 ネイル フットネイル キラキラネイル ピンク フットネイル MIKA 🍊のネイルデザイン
* * *
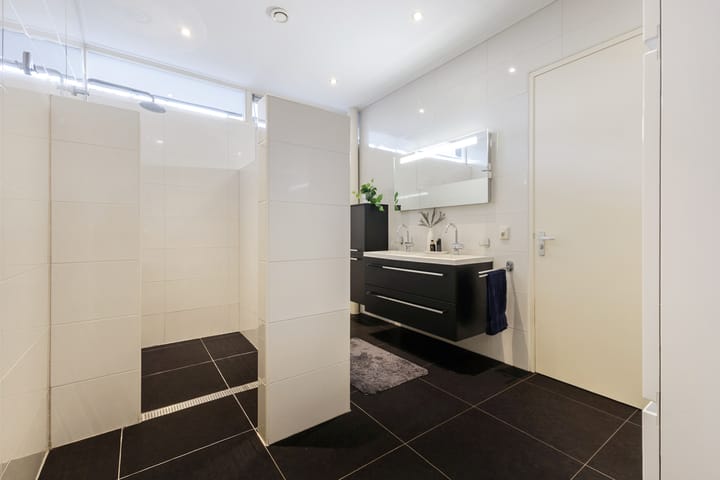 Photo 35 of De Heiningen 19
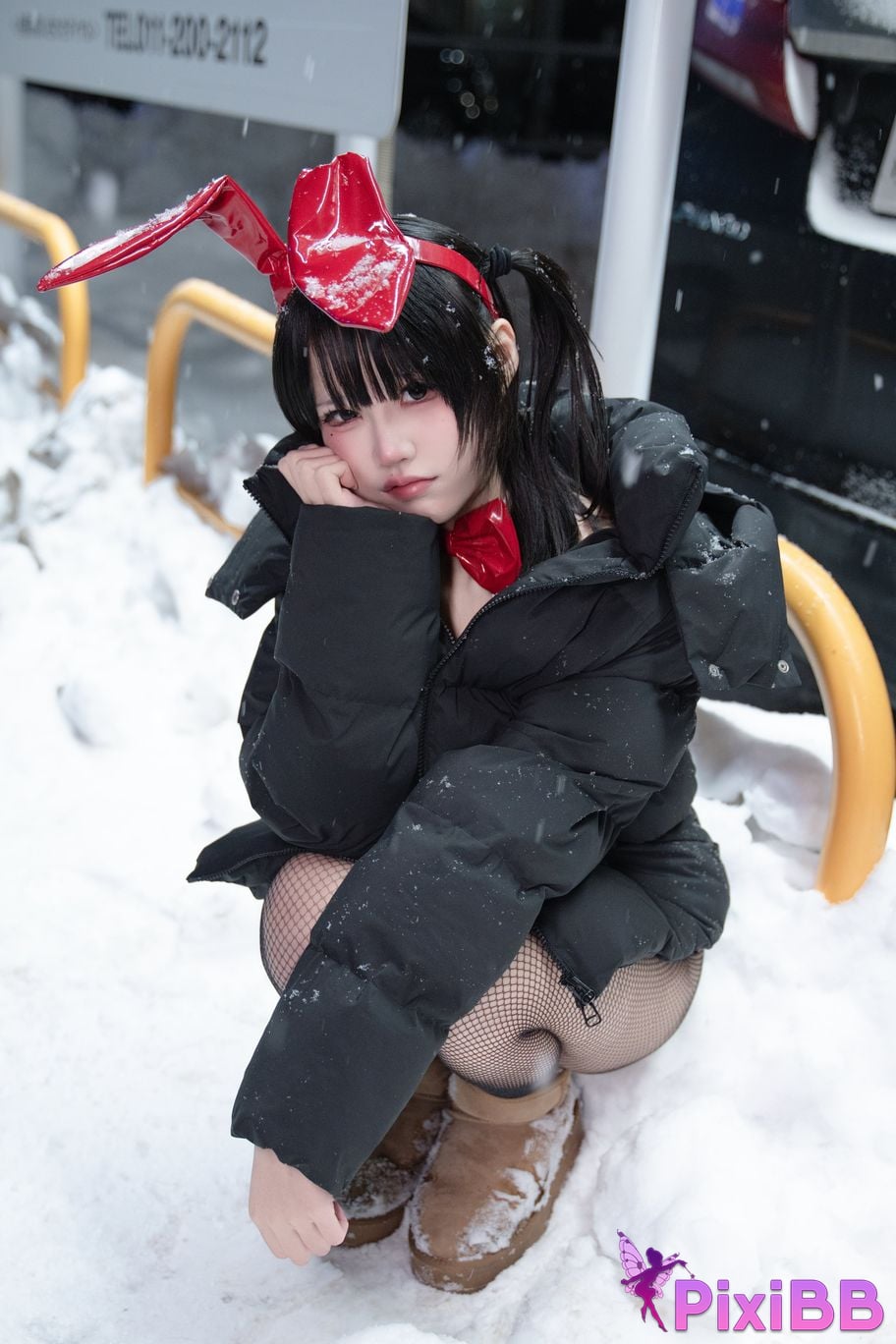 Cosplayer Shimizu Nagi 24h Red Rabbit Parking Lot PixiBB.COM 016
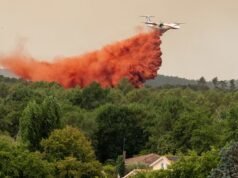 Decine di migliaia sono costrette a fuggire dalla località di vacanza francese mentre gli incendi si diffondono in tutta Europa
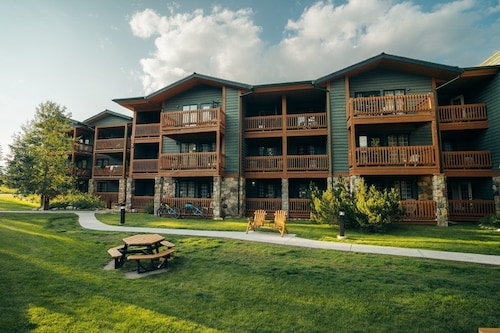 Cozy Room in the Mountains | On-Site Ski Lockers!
--
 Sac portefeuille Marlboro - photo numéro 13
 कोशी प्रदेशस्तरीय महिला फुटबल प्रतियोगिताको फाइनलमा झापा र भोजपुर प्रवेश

▶ Work to be completed
Go through the listing above and write out exactly the lines starting with the one holding "Sac portefeuille Marlboro - photo numéro 13" and running through the one holding "कोशी प्रदेशस्तरीय महिला", ends included, and no others.

▶ Exercise result
 Sac portefeuille Marlboro - photo numéro 13
 कोशी प्रदेशस्तरीय महिला फुटबल प्रतियोगिताको फाइनलमा झापा र भोजपुर प्रवेश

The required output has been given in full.